Input records Start Marker

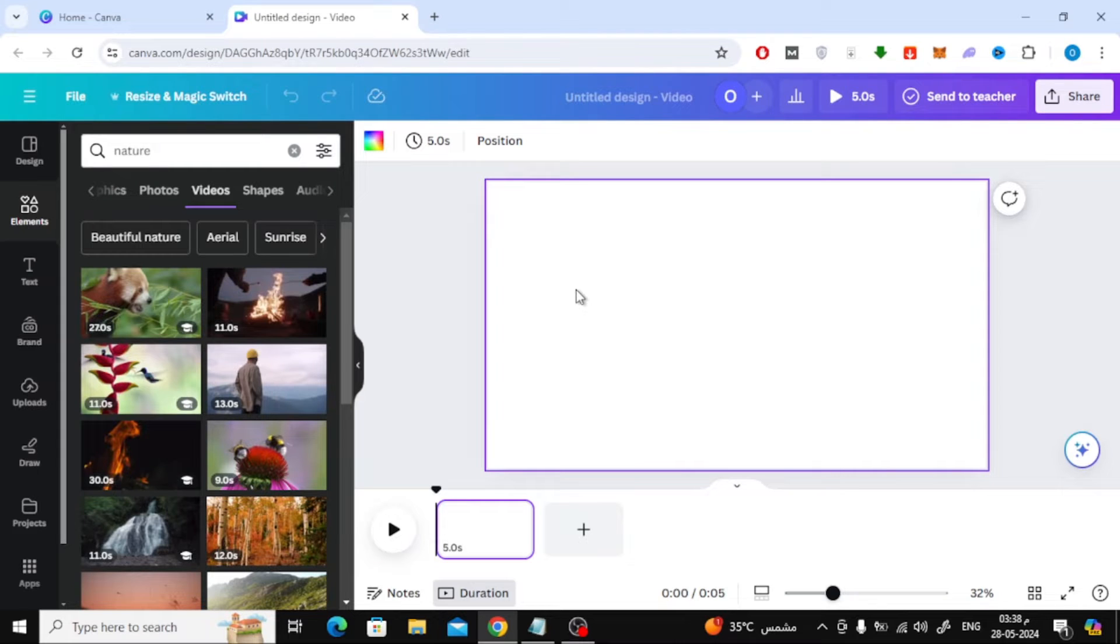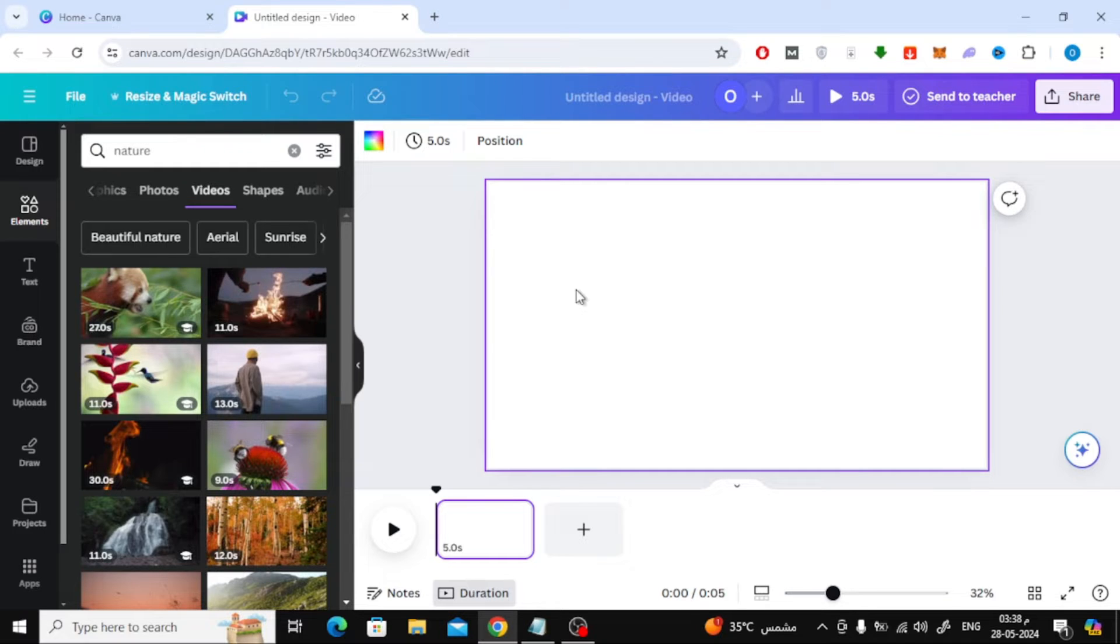In this video I will show you how to make one video play after another on Canva. Let's start by opening a new video design in Canva. After that, add your first video here on the page.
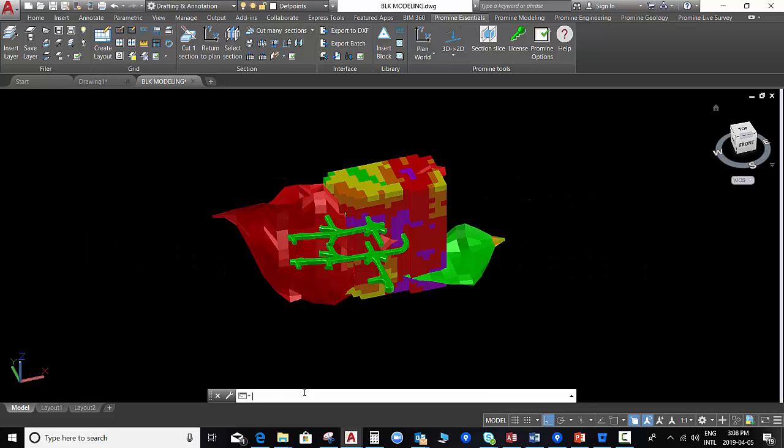Hi everyone! Welcome again to ProMind Thief of the Week. In this opportunity, we are going to show how to annotate the blocks for a drill and blast design.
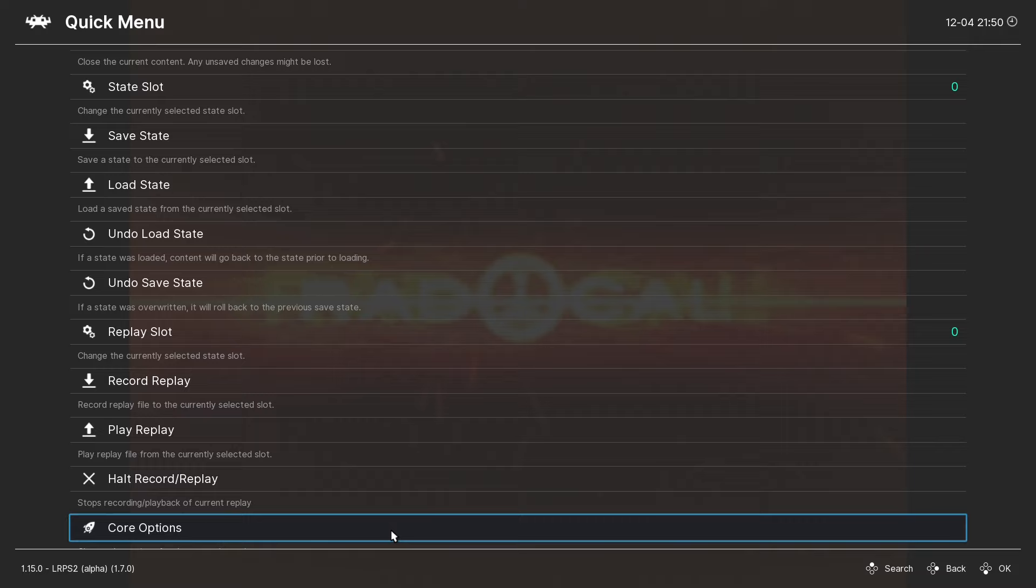And I am using an Xbox One controller, so I would not have to configure my controller. Now, to get to your settings, all you want to do is hit F1. Go ahead and scroll down to Core Options, and then go to Video.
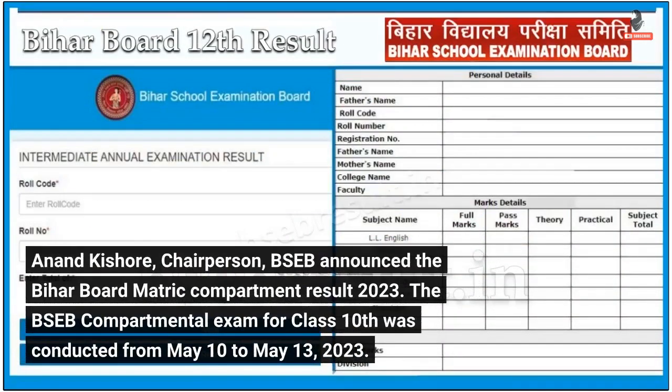Anand Kishore, Chairperson, BSEB announced the Bihar Board Matric Compartment Result 2023. The BSEB Compartmental Exam for Class 10th was conducted from 10th May to 13th May 2023.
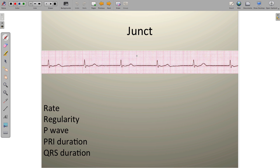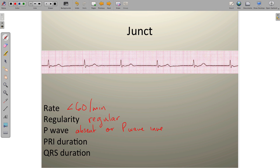Junctional rhythm is characterized by a rate less than 60 beats per minute and is extremely regular. With the P wave, one of two things will happen: it will either be absent, or it will be inverted — an upside-down P wave that may precede the QRS complex. If there are no P waves, the PR interval is not measurable; if an inverted P wave precedes the QRS, the PR interval tends to be short, less than 120 milliseconds.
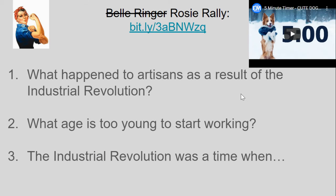We're going to start with our bell ringer, the Rosie Rally. To follow along, use the bit.ly link — you can click on the notes on Schoology, or the bit.ly can be shared out by your guest teacher as well. Capitals do matter: that's bit.ly slash 3A, capital BNW, lowercase ZQ.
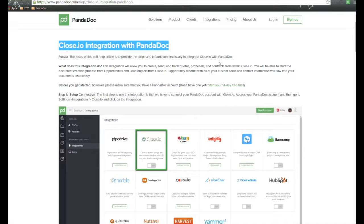Now what does this integration do? This integration will allow you to create, send, and track quotes, proposals, and contracts within Close.io. You'll be able to start the documentation process from opportunities and lead objects inside of Close.io. Opportunity records with all your custom fields and contact information will flow into your documents seamlessly.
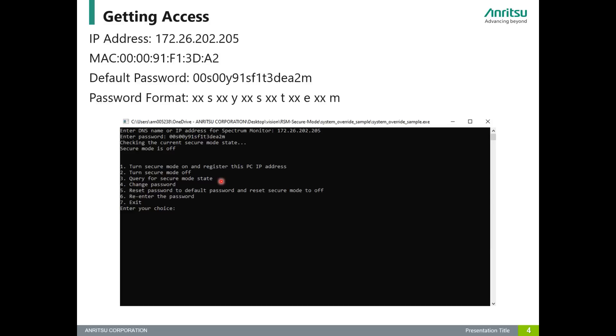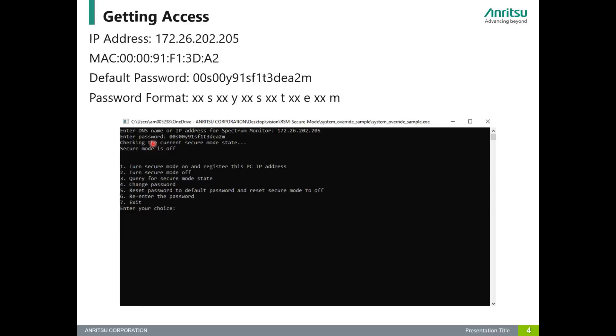If you're not sure, you can enter number three to query the current state of the RSM. Number four lets you add a level of security and change your password to be something other than the default MAC address. Number five allows you to reset secure mode off and reset the password to your default. This could be useful for transporting or giving it for someone else to set up. Number six allows you to re-enter the password if you made a mistake. And number seven is to exit. Next, we're going to show you a demonstration of how this works.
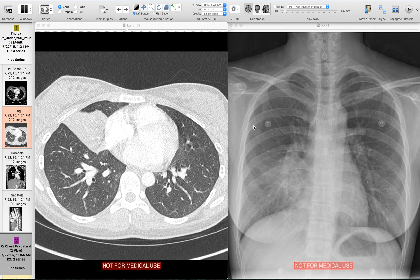I just wanted to show you a couple more examples of the silhouette sign. In basic terms, the silhouette sign means that the reason we can see the contours of structures on radiographs is because those objects are next to an object of a different density. The heart is of water density and the lungs are of air density, so we can see the left heart border because it is right next to the air density of the lung.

Input records End Marker

Write out the lines of the entries above exactly, beginning with the first and ending with the line that contains "Anand Kishore, Chairperson, BSEB". No picture goes in.

In this video I will show you how to make one video play after another on Canva. Let's start by opening a new video design in Canva. After that, add your first video here on the page.
Hi everyone! Welcome again to ProMind Thief of the Week. In this opportunity, we are going to show how to annotate the blocks for a drill and blast design.
And I am using an Xbox One controller, so I would not have to configure my controller. Now, to get to your settings, all you want to do is hit F1. Go ahead and scroll down to Core Options, and then go to Video.
Anand Kishore, Chairperson, BSEB announced the Bihar Board Matric Compartment Result 2023. The BSEB Compartmental Exam for Class 10th was conducted from 10th May to 13th May 2023.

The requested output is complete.